Consumers are at the heart of P&G’s brand building. That’s why we are doubling down on transparency, and consent-based consumer data collection, leveraging industry best practices. This is becoming part of the value equation of a trusted brand. We notify consumers about what data we are collecting and how we will use it so that they can make informed decisions about whether to opt-in to our programs, and when they do consent, we provide them with useful information and content from our trusted brands. We do this through multiple consumer touchpoints where we engage with consumers responsibly. And, we enrich consumer data in a clear and transparent way with behavioral and purchase signals to improve analytics, build algorithms, and develop consumer engagement applications that drive growth and efficiency.
But you wouldn’t know any of this by reading recent reporting about our work on this issue through our membership in the advertising association in China.
Here are the facts: P&G – along with 30 others – participated in discussions about developing additional ways to reach Chinese consumers with digital ads. Like all our work in this area, our input prioritized data privacy, transparency and consent for consumers – priorities we have long advocated for as the entire industry modernizes the way it reaches consumers with digital advertising. The principles and standards of this effort were also publicly available, clearly stating that the proposed industry effort – called CAID – can be turned on and off by consumers, protect user data, and not be linked to personal information.

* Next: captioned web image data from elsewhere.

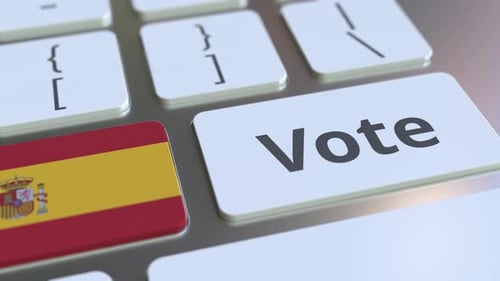 Texto de la votación y bandera de España en el teclado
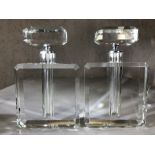 Pair of large square glass scent bottles, each approx 26cm in height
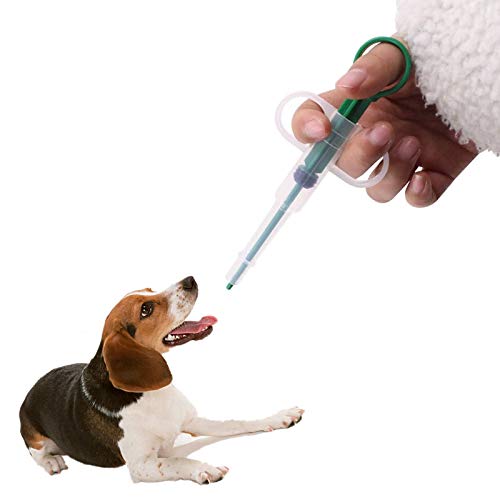Alimentador de medicina de seguridad reutilizable para mascotas con punta de silicona jeringas dispensador de píldoras kit de alimentación para perros gatos bebé animales (verde)
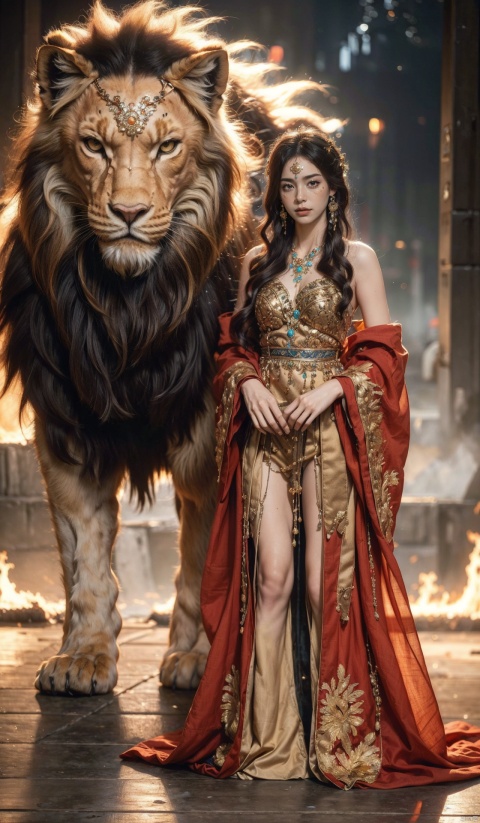 (1 girl), (wearing a gold embroidered dress), with long white hair, standing next to a flame lion. The lion is covered in flames, and the background is starry sky. The girl's gaze is firm, while the lion's gaze is wild and loyal. The entire scene is full of mystery and adventure. A girl with a fiery lion, night sky, stars, courage, determination, mythological creatures, fantasy, adventure, courage, loyalty, grandeur, magic, mystery, beauty (complex details, high resolution), clear focus, dramatic lighting, photo realistic art by Greg Rutkowski, Alphonse Mucha, and Frank Frazetta.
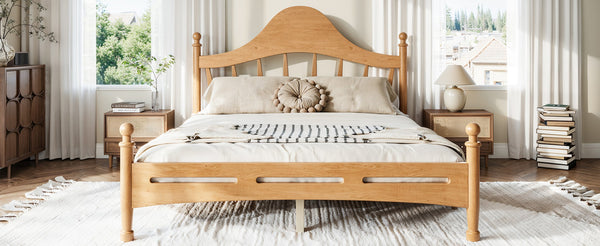 English Elm Queen Platform Bed Solid Pine Curved Headboard Low Profile Frame for Modern Bedroom Natural W5305S00097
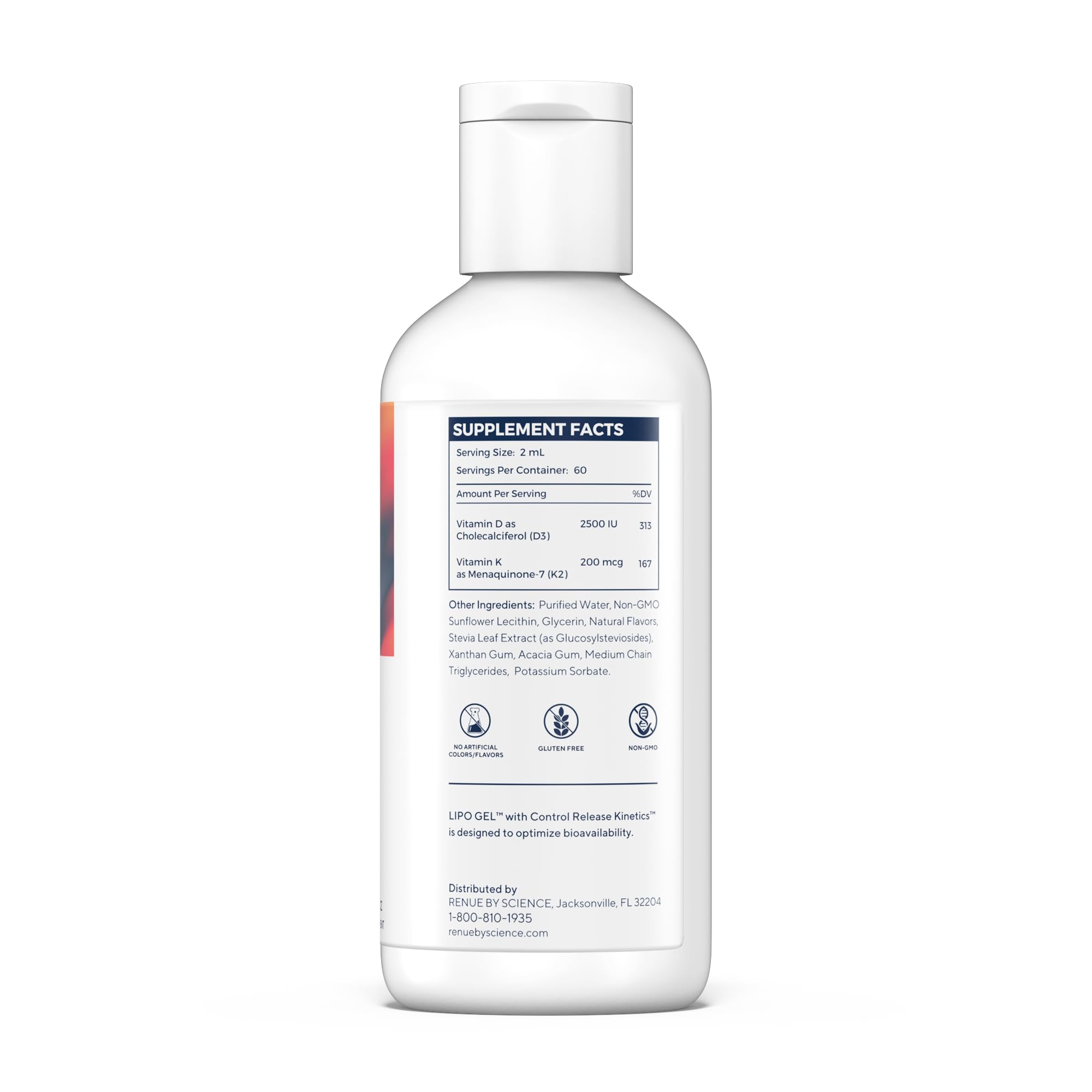 Renue By Science D3 K2 gel pour shows easy sublingual administration.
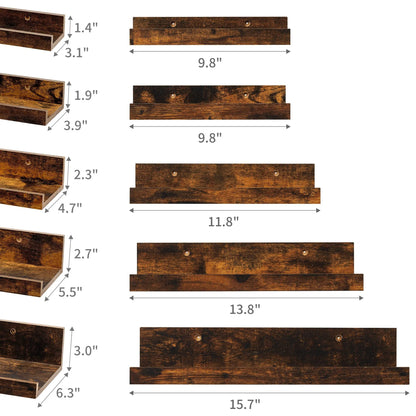 Floating Shelves,  Home Wood Shelf Wall Mounted, Set of 5, Multiple Sizes, Brown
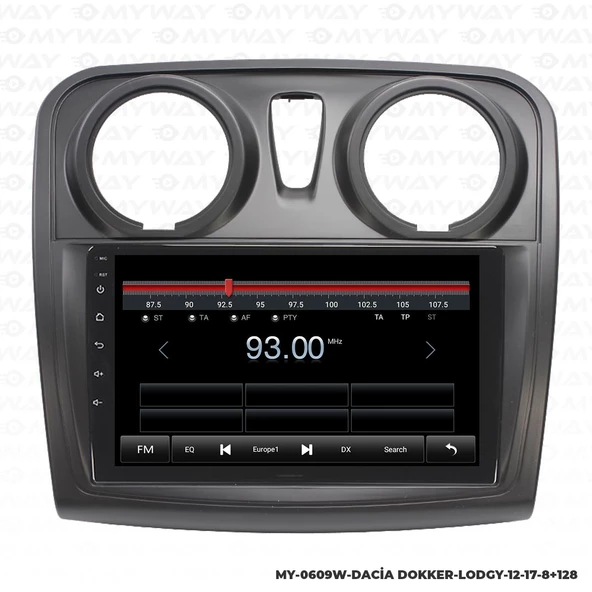 Araç Multimedya Dacia Lodgy Android 12 Carplay 4Gb Ram + 64Gb Hdd 2012-2017 Navigasyon Ekran MYW - 4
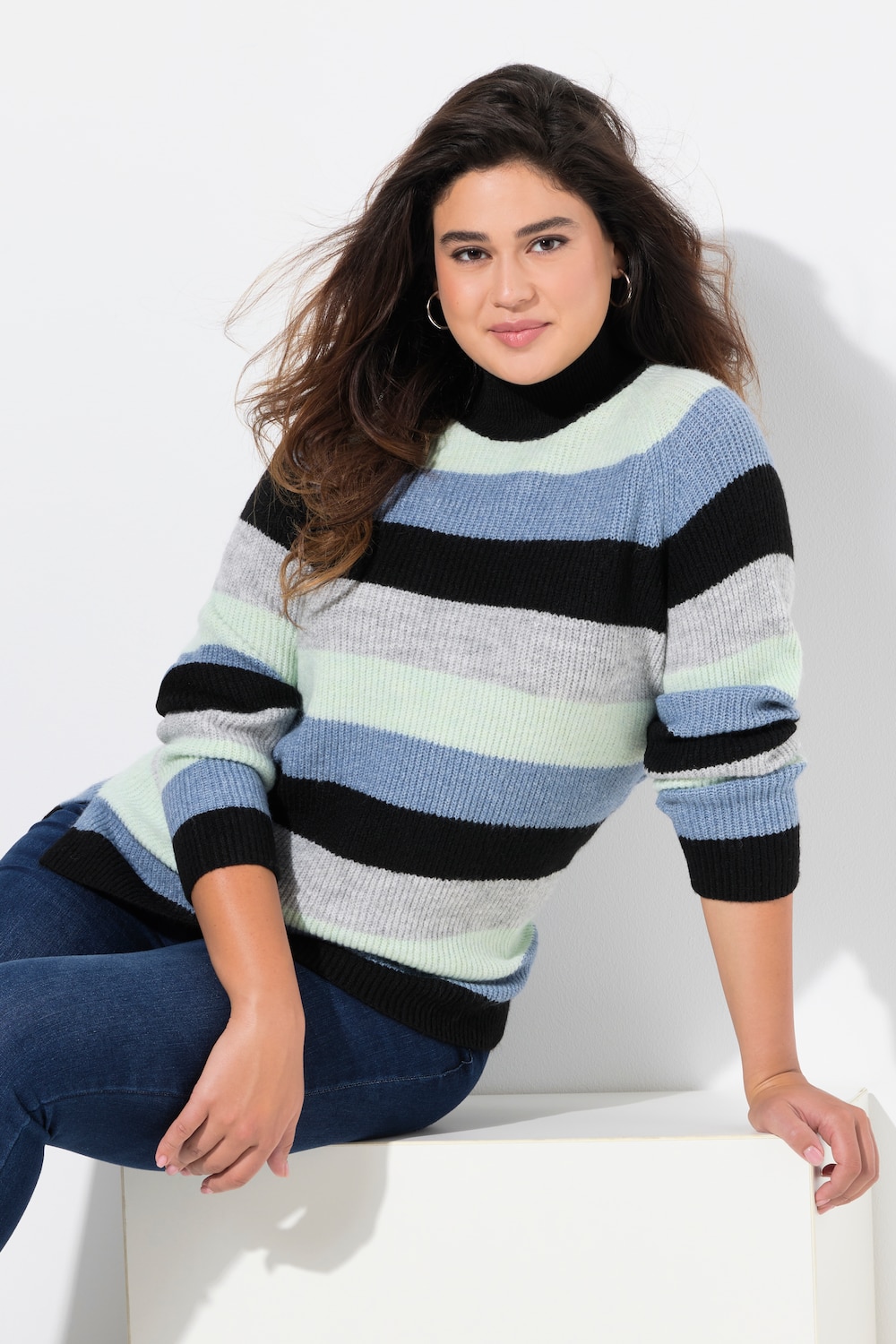 Große Größen Pullover, Damen, türkis, Größe: 46/48, Synthetische Fasern/Polyester, Ulla Popken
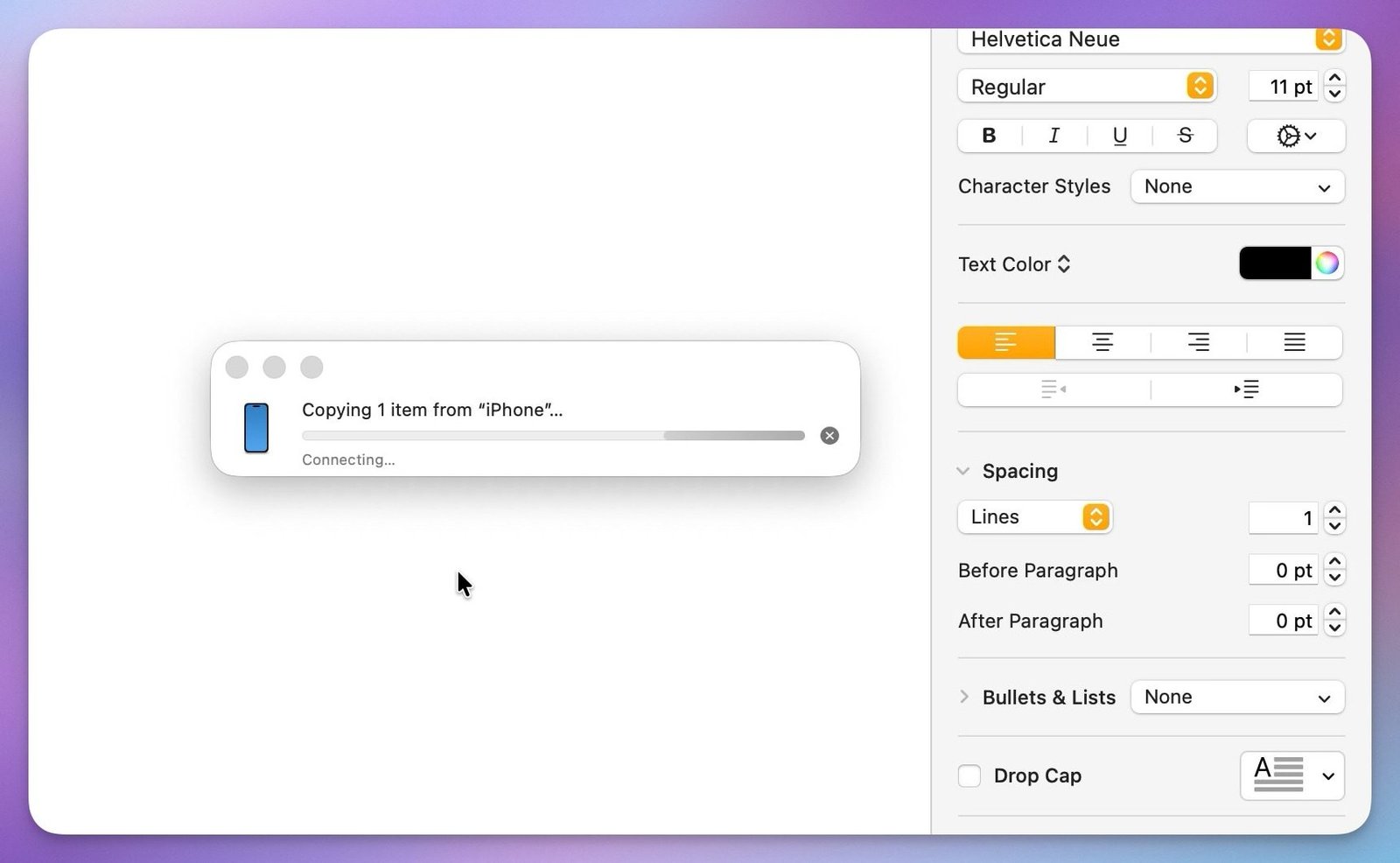 using universal clipboard feature on Mac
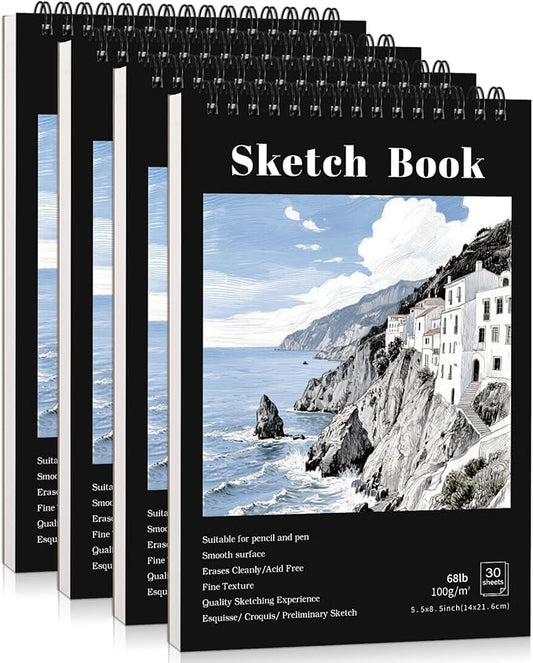 4 Pack Small Sketch Books, 5.5 x 8.5 Inch Mini Sketchbook, 68lb/100gsm Spiral Bound Small Sketch Pad, Acid Free Art Supplies Drawing Painting Sketchbook for Beginners, Artists (Black)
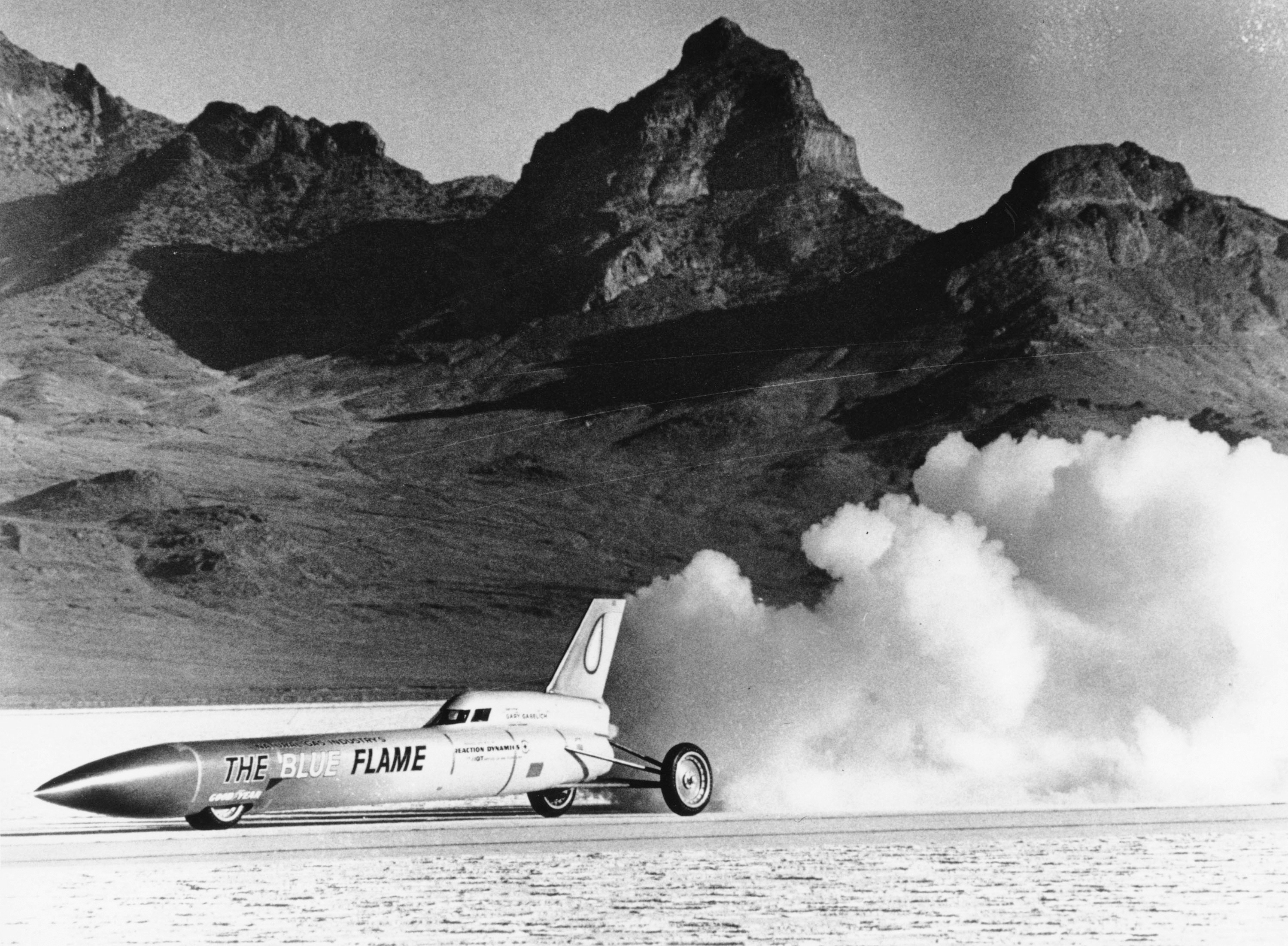 The Blue Flame performs a test run just before at Bonneville Salt Flats on Nov. 4, 1970. The crust keeps tires cool at high speeds and provides an ideal surface for racing — unless seasonal flooding fails to recede or leaves behind an unstable layer of salt.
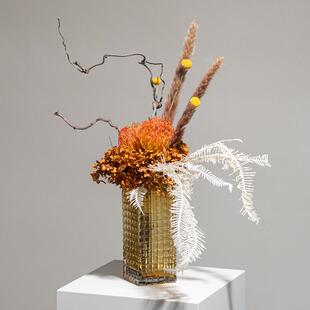 现代花艺轻奢摆件高档接待室客厅玄关茶几酒店前台花瓶仿真花摆设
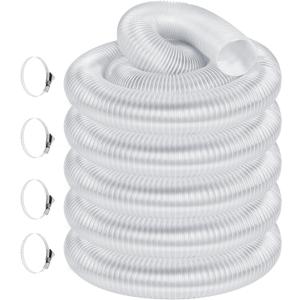 4" x 50' Heavy PVC Dust Collection Hose, Flexible Clear Debris and Fume Collector With Stainless Steel Clamps for 4" Ports, Ideal for Shop Vacuums
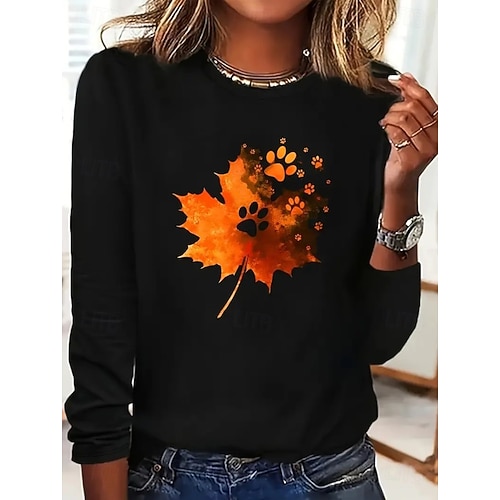  Femmes T-shirt Graphique Plantes ancien Élégant Classique manche longue Col ras du cou Col rond Hauts Réguliers Quotidien Imprimé Noir Blanc Ecru Printemps Automne Hiver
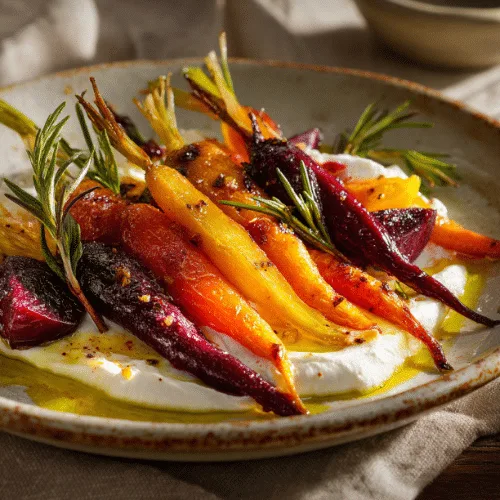 Roasted Carrots and Beets with Whipped Ricotta & Herbs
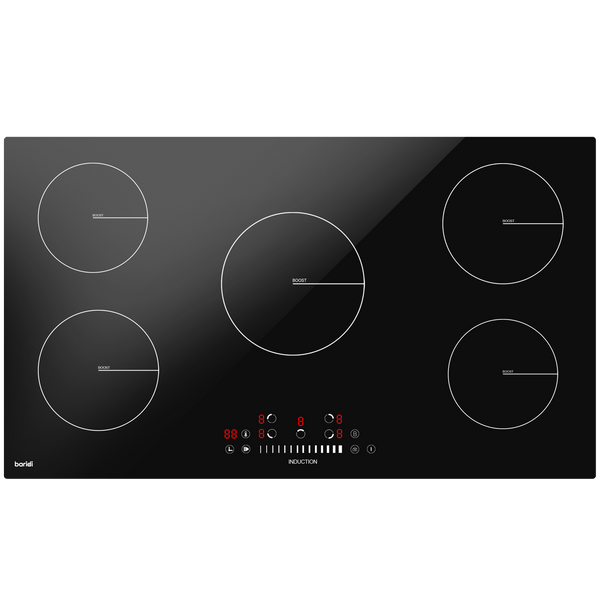 Baridi DH180  90cm Built-In Induction Hob with 5 Cooking Zones, 9300W, Boost Function, 9 Power Levels, Slider Touch Control, Hardwired
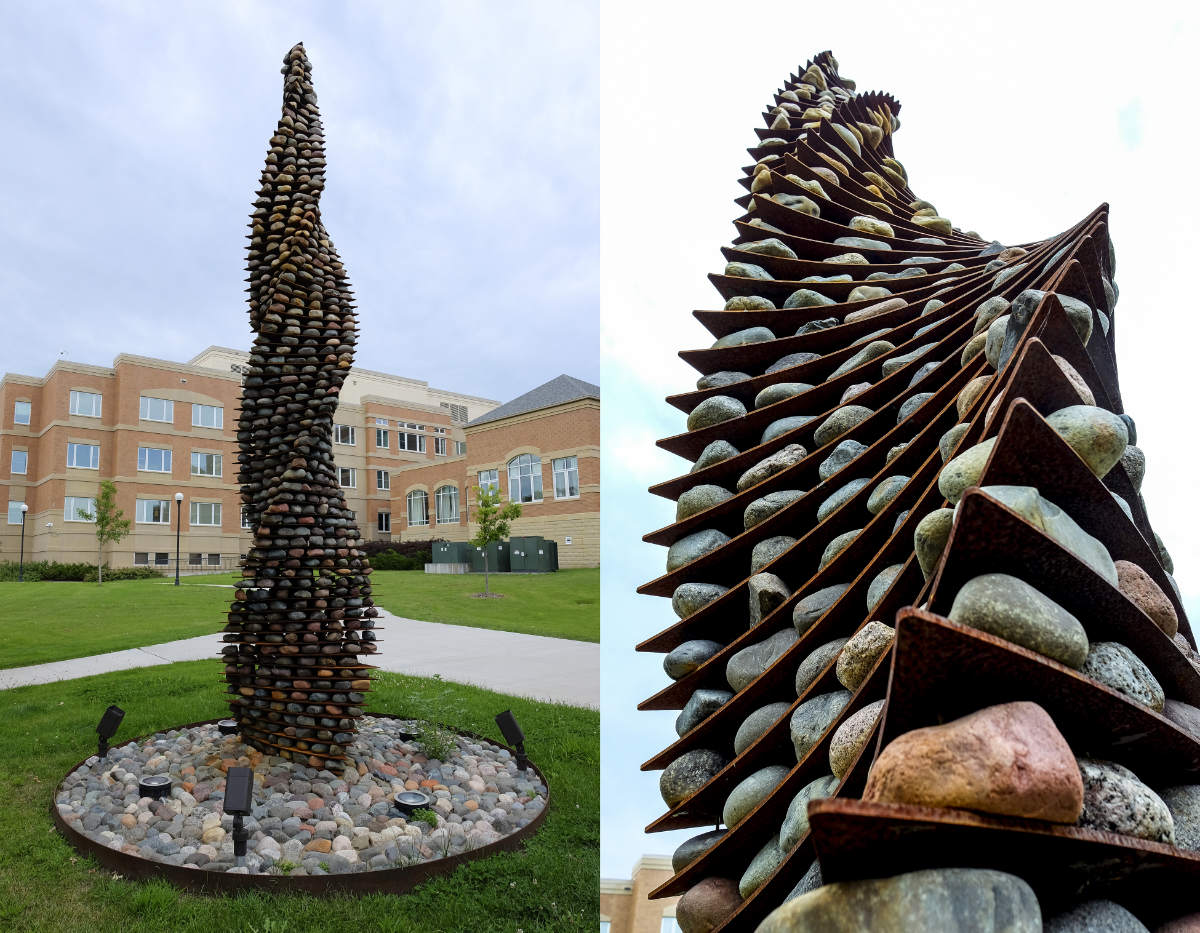 diptych of tall spiraling outdoor sculpture made of stacked layers of iron plates and stones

This input isn’t at odds with Apple – who we are also working directly with – or anyone else who shares our values of giving consumers control and transparency.
In fact, this is the exact same approach we are taking in our work with advertising associations in countries around the world – like the Association of National Advertisers in the U.S., Incorporated Society of British Advertisers in Europe, and World Federation of Advertisers worldwide. As one of the world’s largest advertisers, we have a responsibility to do our part in ensuring there are clear rules and standards for consumers, and for companies to operate.
Digital media is dominant and still rising, but after 25 years of cookies and device IDs tracking, people are rightfully wanting more of a say in what data is being collected about them and their behavior, and how it’s used. We’re firmly committed to helping build a world where consumers trust that all media providers and advertisers are responsibly handling their data – and offering ways to better engage people in a way they prefer.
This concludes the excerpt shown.